Perfect! Is there anything else you’d like to say about DL4MicEverywhere that we haven’t covered?

I’ve often been asked how we know that we’re making a tool user-friendly. While developing DL4MicEverywhere for example, Ricardo and Guillaume gave a lot of input in this direction to Iván Hidalgo-Cenalmor, the main developer of DL4MicEverywhere. Both have a remarkable experience with image processing for microscopy imaging in collaborative projects. I think that’s key to develop the intuition about where and when non-expert researchers will struggle. Another interesting fact is that working in projects such as this one is usually intense and quite dynamic. On one side, we are teams with quite different expertise working together, which requires a fluent and good communication. On the other side, it implies a lot of interaction with users with different backgrounds through different platforms, which is exciting and chaotic at the same time!

What else are you working on now and what’s next for you?

Within Ricardo’s group, I’m working in smart microscopy, phototoxicity and how to overcome it using deep learning augmented microscopy. I’m still very much involved in the BioImage Model Zoo, and the AI4Life project, which I was working on before it was even funded! For the future, I’m spending a bit of time with Ricardo this year, but I will already try applying for some independent positions. I’m still deciding on the specific topic, whether for example, I want to go back to studying cell migration. Certainly, I know that I don’t want to purely develop AI mathematical methods. Ideally, and motivated by my current position, one day I would love to lead a multidisciplinary team running image-driven discovery, where we can keep fusing life sciences, math and technology.

So, what do you call yourself? Are you a developer, a bioimage analyst, a biologist, or just a scientist!?

I think I’m just a scientist if I must choose one! I do most of them. I’m a developer and I’m a bioimage analyst, but most of it is driven by biological curiosity! I really want to understand the different cellular behaviours I’ve been observing so far while analysing images. Indeed, the analysis is much more than just processing the images. It has a lot of statistics, and often mathematical modelling.

Do you see modelling in your future; it seems like the natural progression from where you are?

Being a mathematician, this is a very tricky question because modelling can get really complicated and scary! There are different types of modelling. For example, 3D dynamic modelling, like surface modelling, would bring me back to my beloved geometry and topology. There is also mechanical modelling, which helps identifying cell migration patterns or understanding tissue formation. This combined with some smart microscopy, sounds quite interesting, so I don’t close the door on it! Still, this would be in the future and will depend on the questions, opportunities and collaborations appearing at a time.

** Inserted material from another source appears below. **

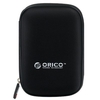 ORICO 2.5 Hard Disk Case Portable HDD Protection Bag for External 2.5 inch Hard Drive/Earphone/U Disk Hard Disk Drive Case Black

Is there anything else you’d like to add that we haven’t spoken about?

Yes! I’d like to highlight the session on careers at the JCS Imaging Cell Dynamics Journal Meeting with Melike Lakadamyali and Christophe Leterrier. As an ECR, listening to the different routes that others took and how they felt about it at the time was inspiring; it made me reconsider some preconceived ideas. Melike, for example, showed that you can always find a way to achieve your goals, even if it was not as you wished from the beginning or in the way planned. These testimonials can have an impact and are truly inspiring, especially if you have fewer chances to discuss these topics.

Finally, what do you like doing away from work?

I like to keep my private life separated from work. I’m a CrossFit addict, food lover and I very much enjoy visiting museums. I really like to learn about new cultures and languages, which means that living abroad is kind of a hobby!